Tra i giardini del quartiere residenziale di Glen Iris, a sudovest di Melbourne, la casa una e trina progettata dallo studio di Dominic Pandolfini non passa inosservata, catturando lo sguardo e l’immaginazione. La sua spiccata personalità è il frutto della cooperazione tra gli architetti e i clienti; questi ultimi, in fase di concept, avevano avanzato una serie di richieste precise e piuttosto originali.
«Due le indicazioni mandatarie», racconta Pandolfini, «la prima chiedeva di utilizzare materiali resistenti, ruvidi, di un’onestà semplice e non artefatta, una richiesta in linea con il nostro modo di concepire l’architettura. La seconda, più insolita, riguardava l’idea di riprodurre all’interno della casa l’esperienza del fluire del paesaggio e del mutare degli scenari, qualcosa di sperimentato dalla famiglia durante una recente vacanza sul fiume».
Pandolfini e la sua équipe hanno sfruttato l’andamento allungato del terreno per sviluppare un organismo architettonico multiforme e complesso, giocato sulla contrapposizione ruvido/rifinito e scomposto in tre volumi distinti ma fluidamente collegati fra di loro.
Ognuno di essi è un microsistema con caratteristiche, materiali e funzioni proprie, ma tutti insieme originano una sequenza di prospettive sempre cangianti, che si susseguono in un flow senza soluzione di continuità. La residenza si annuncia con le sagome scultoree di due cubi sovrapposti lievemente slittati, di colore e di materiali differenti.
«I mattoni della parte superiore sono rettangolari e inclinati di 45 gradi così da creare una superficie complessa su cui può danzare la luce. Poiché è orientata a ovest, alla base abbiamo usato un brise-soleil fitto di elementi cilindrici in rame verde, che schermano la luce diretta per definire una zona di privacy all’altezza delle camere», precisa Pandolfini.
Sulla facciata in cotto le iconiche aperture ad arco invertito anticipano il motivo ricorrente del padiglione successivo, visibile sullo sfondo. Nel secondo edificio lo studio di Melbourne ha realizzato un cambio-scena radicale, abbandonando le soffuse atmosfere urbane per ricreare un contesto più caldo e più rurale, che ricorda le architetture rustiche di Glenn Murcutt.

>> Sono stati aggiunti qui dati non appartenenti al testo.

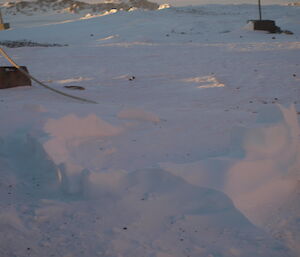 An attempted igloo is reduced to a few small ridges in the snow due to wind erosion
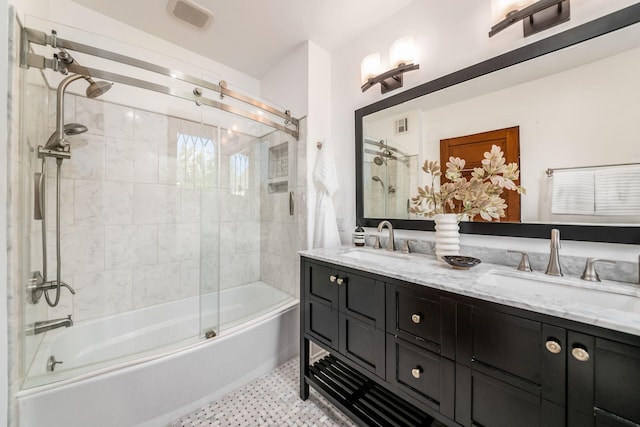 full bath featuring double vanity, a sink, visible vents, and shower / bath combination with glass door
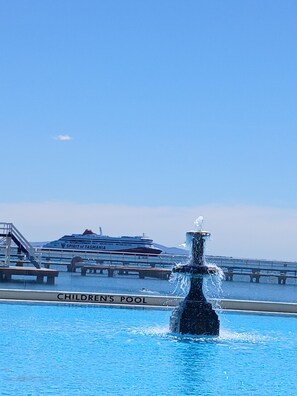 A children's pool with a fountain in the center, a cruise ship in the background, and a clear blue sky.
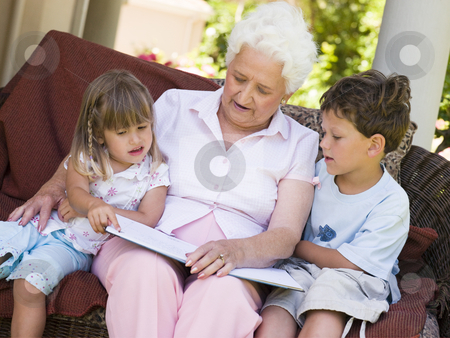 To use this stock image in your creative project, please select the size you need over to the right and click the "Add to Cart" button.
Your downloaded image will come with the Cutcaster watermark removed so don’t worry about the watermark you see on this page. Grandmother reading to grandchildren stock photo, by Monkey Business Images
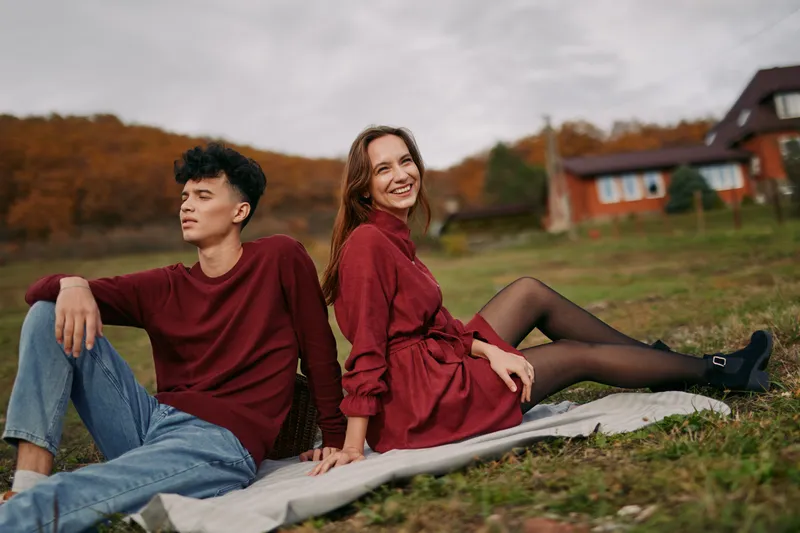 Young couple sitting on a blanket in an autumn meadow near a rustic cottage, natural poses and genuine smiles conveying authenticity and credibility in a relaxed, intimate outdoor portrait scene.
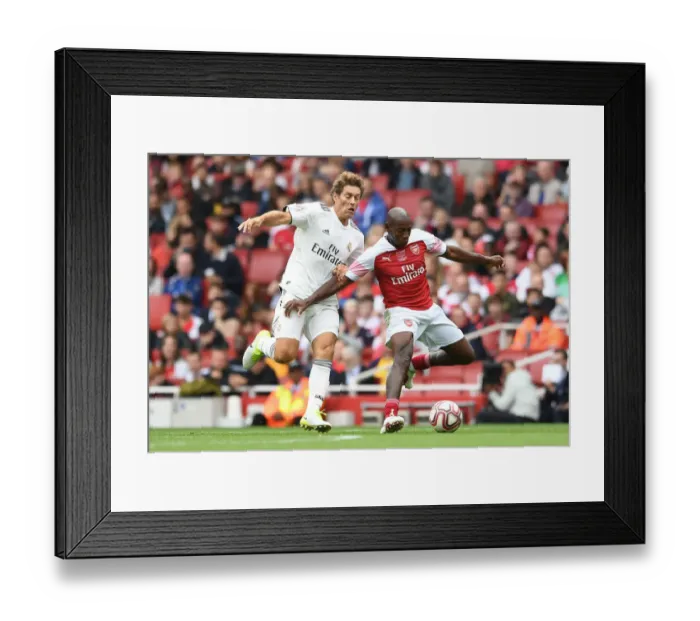 Framed Print : A Clash of Football Greats: Luis Boa Morte Shines for Arsenal Legends vs Real Madrid Legends (2018-19) Framed Print : A Clash of Football Greats: Luis Boa Morte Shines for Arsenal Legends vs Real Madrid Legends (2018-19)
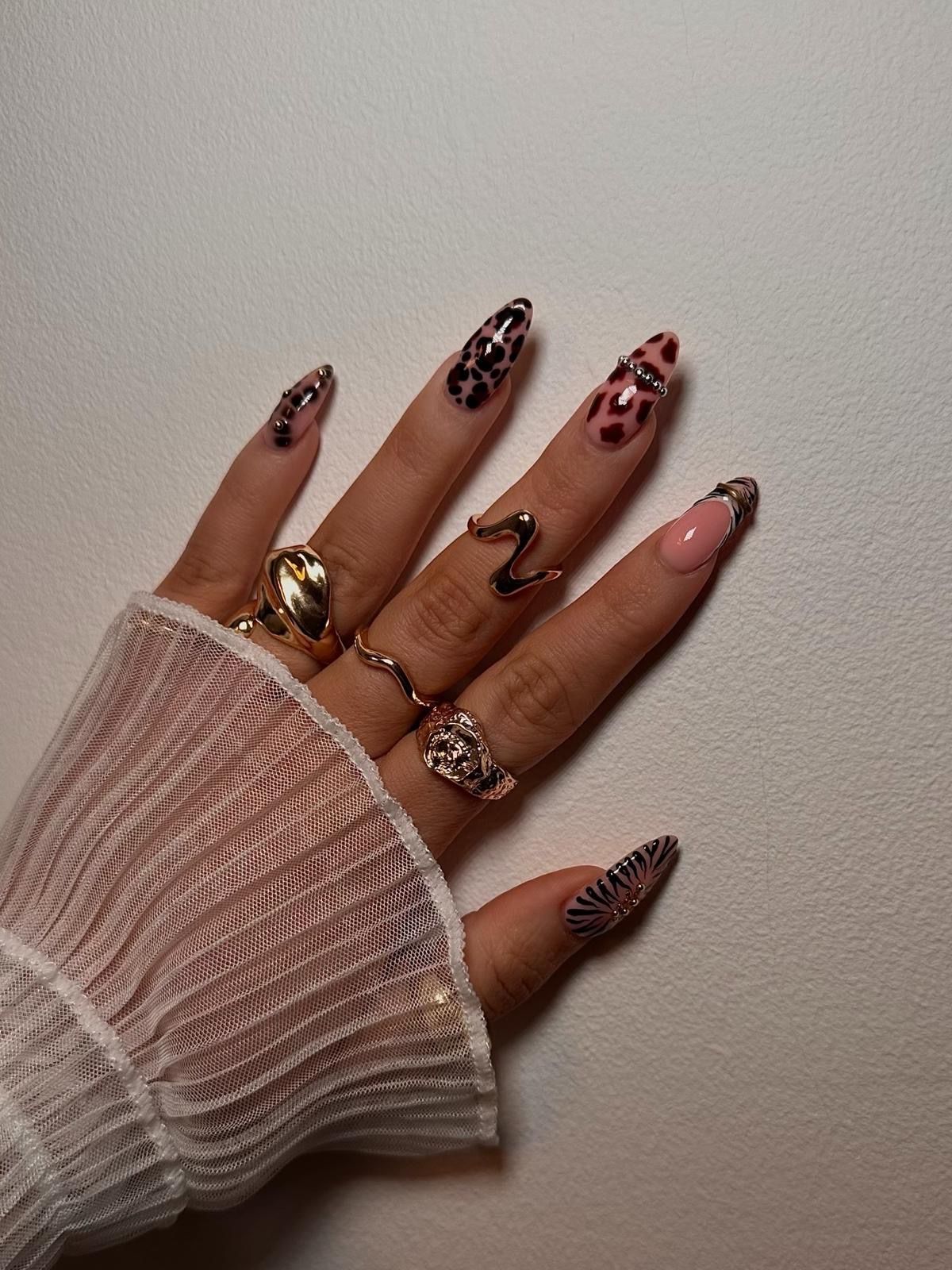 Hand with long almond nails featuring leopard print, wavy lines, and floral designs, adorned with gold rings.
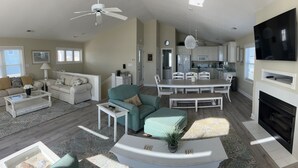 A spacious living room with a sofa, coffee table, and a dining area with chairs and a table. - Fabulous beach view!  Large pool…across from beach access. Decks on both levels! (Holden Beach)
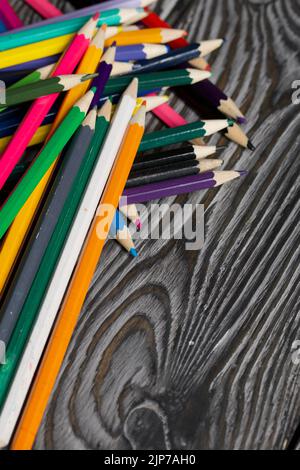 Colored pencils for drawing.  They lie on a table made of pine boards. Stock Photo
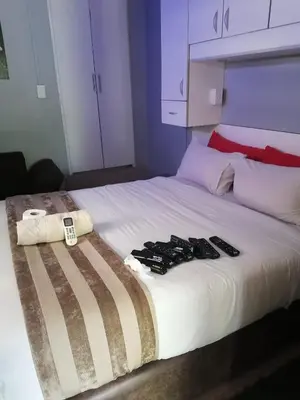 a bed with three remote controls on top of it at Tshilidzi Guest House in Pretoria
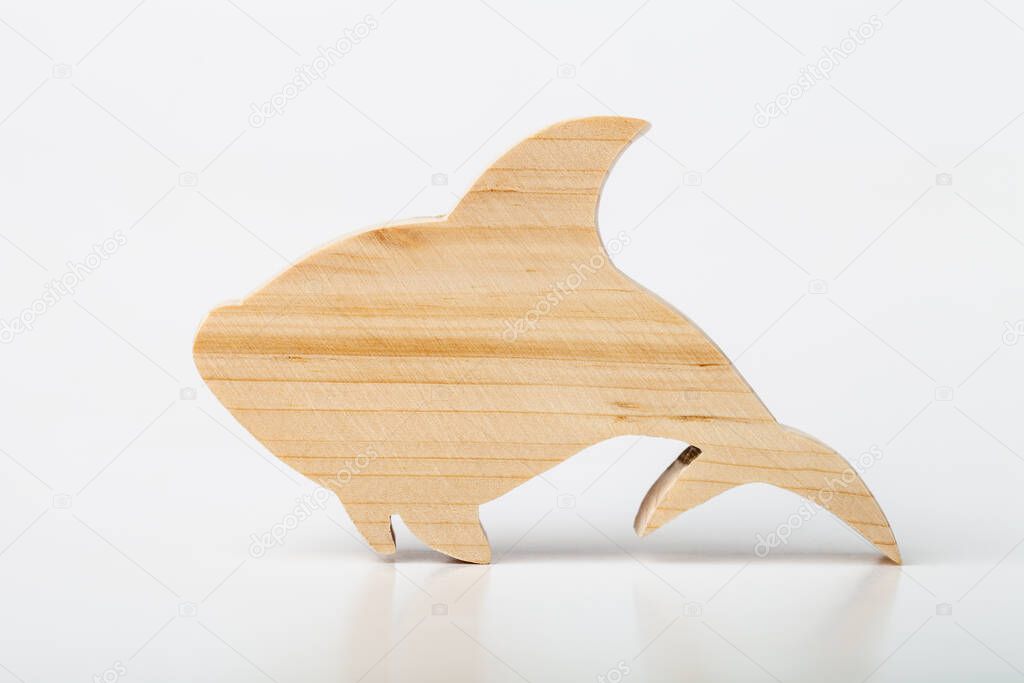 A figurine of a shark or fish, carved from solid pine with a hand jigsaw. On a white background .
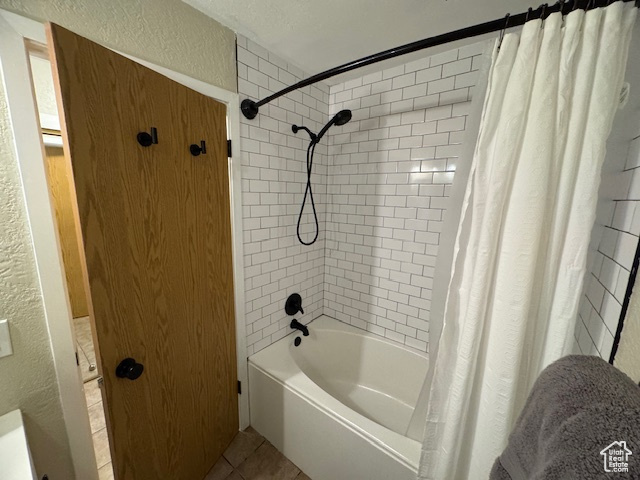 Full bathroom featuring a textured wall, tile patterned flooring, and shower / tub combo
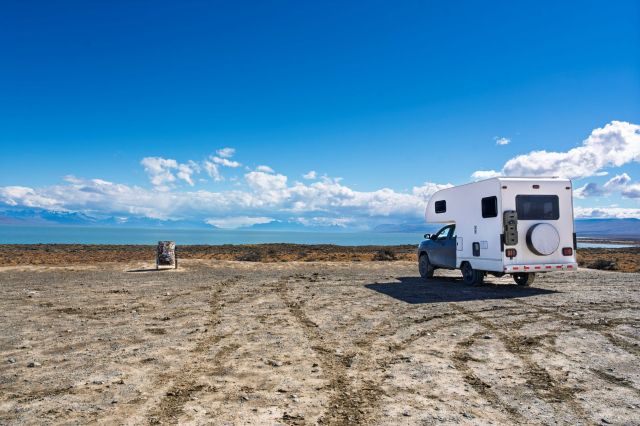 A truck with an attached camper sits and looks out across a vast landscape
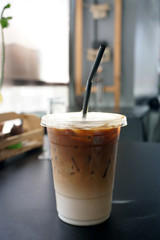 Iced Latte - A plastic glass of coffee with fresh milk and vanilla syrup on table and blurred background, Perfect drink for summer time.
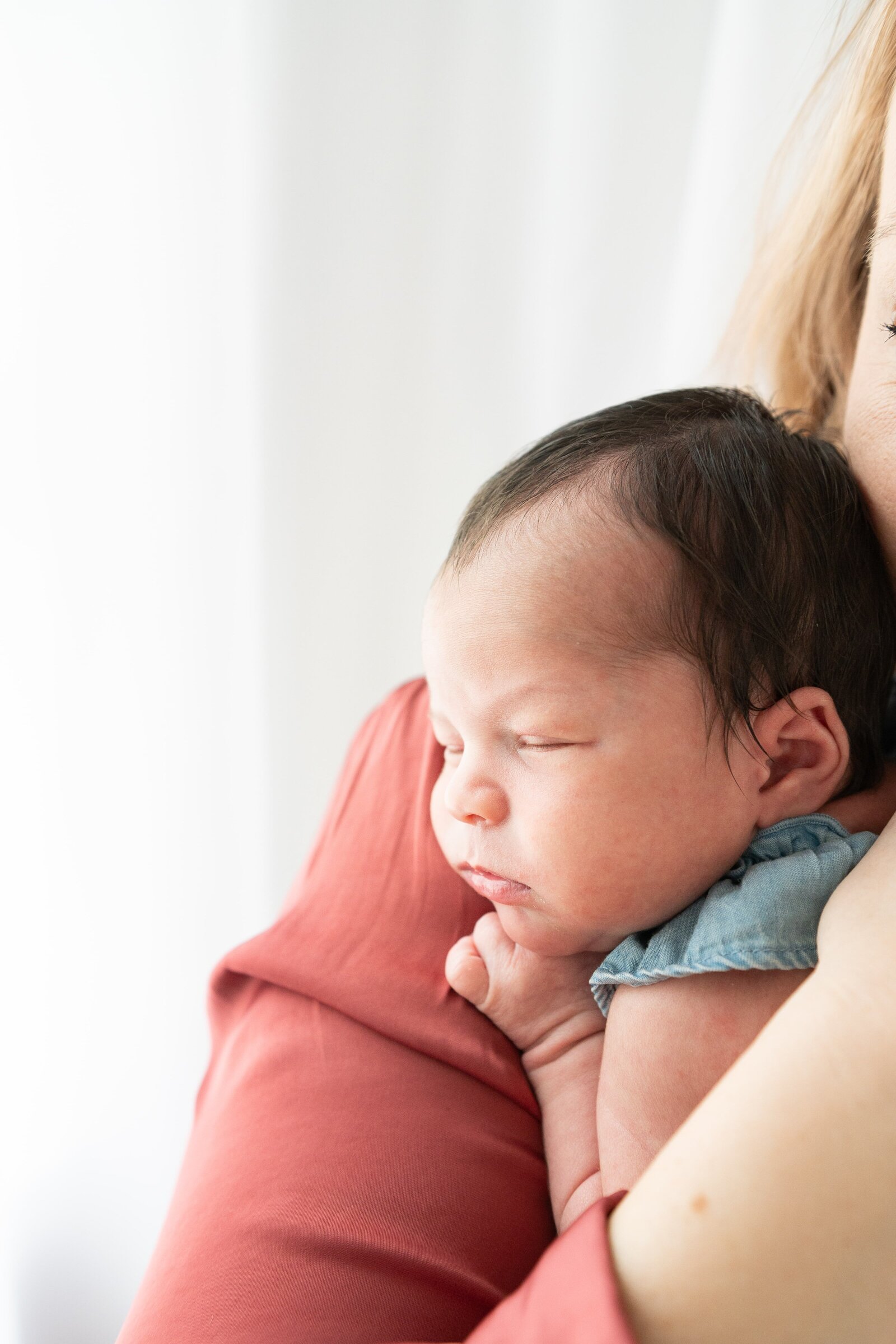 Mother holding newborn close during a lifestyle session full of warmth and love in Baltimore.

Il grande open space del fienile, sotto il tetto in lamiera foderato in rovere e i pavimenti di un elegante travertino, dischiude un universo luminoso, informale e confortevole. Un sistema di grandi archi in cemento, simile a una colonna vertebrale primordiale, domina e scandisce il ritmo dello spazio, prolungandosi all’esterno dove disegna il portico del piccolo ma accogliente giardino.
«La suggestione degli archi è un elemento ricorrente di tutto il progetto e ci ha aiutato a introdurre movimento, leggerezza e varietà, sdrammatizzando la regolarità della struttura: non volevamo che la casa apparisse troppo austera» ci spiega ancora l’architetto.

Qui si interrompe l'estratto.